レイアウト人生―「D&GRN」への道程 Vol.2
私が影響を受けたジョン・アレンのレイアウトのテーマは「山岳鉄道」でした。レイアウトを立体的なものするならば、斜面を九十九折に登って高低差を付ける山岳線を舞台にするのは当然の選択です。私も「造るなら当然山岳鉄道」と考えるようになりましたが、ジョン・アレンのレイアウトを知る機会がなければ、どうだったか?やはり、千載一遇の出会いだったと思います。
しかし「山岳鉄道とそこを行く蒸機の魅力」を主体的に理解させてくれたのは実物の鉄道写真でした。中学に上がって、洋書の写真集でロッキーやシュエラ・ネヴァダ山脈を越える蒸気機関車の往年の奮闘を見、やがて、日本からもいよいよ蒸気機関車が姿を消していくのが加速度的になったのを感じて、一時米国の鉄道から日本国内に目を移して全国にカメラを担いで出かけるようになって、生の蒸機の勾配での激闘の迫力を眼前にしたことで、「模型もやっぱり蒸機、それも急勾配がセットでなければ、真の魅力は味わえない」と思い知ったのでした。
その後10年ほど、夢中で鉄道写真を撮った、実物の蒸気機関車を勾配線で写した、というのは、私には言い尽くせない貴重な経験になったと確信します。
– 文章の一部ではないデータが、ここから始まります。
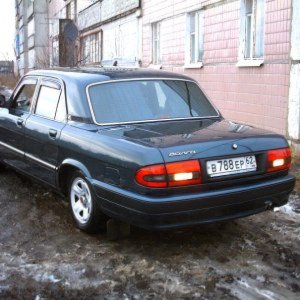 Мои ГАЗики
好適な撮影ポイントを探して、延べにすれば数百キロの線路端を歩き、土手や切通しを登り降りしたことで、線路と地形の関係を体が覚えたことはその後、実際にレイアウトで地形を拵えるときに、直感的にイメージ作りができるようになったのにつながりました。
ですから、「D&GRN鉄道」の沿線風景は「ここで列車写真を撮ったら、こう写る」ということを常に意識して造ってきた、といえます。つまり、「好適撮影ポイント」の連続でもあるわけです。従って、鉄道写真家の目で見て飽きません。そこでいつまでも列車の来るのを待っていたくなるような風景を造りたい、というのがコンセプトの大切な一つであり、「こういう場所で一度写真が撮ってみたかった」という「夢の撮影ポイント」の表現でもあります。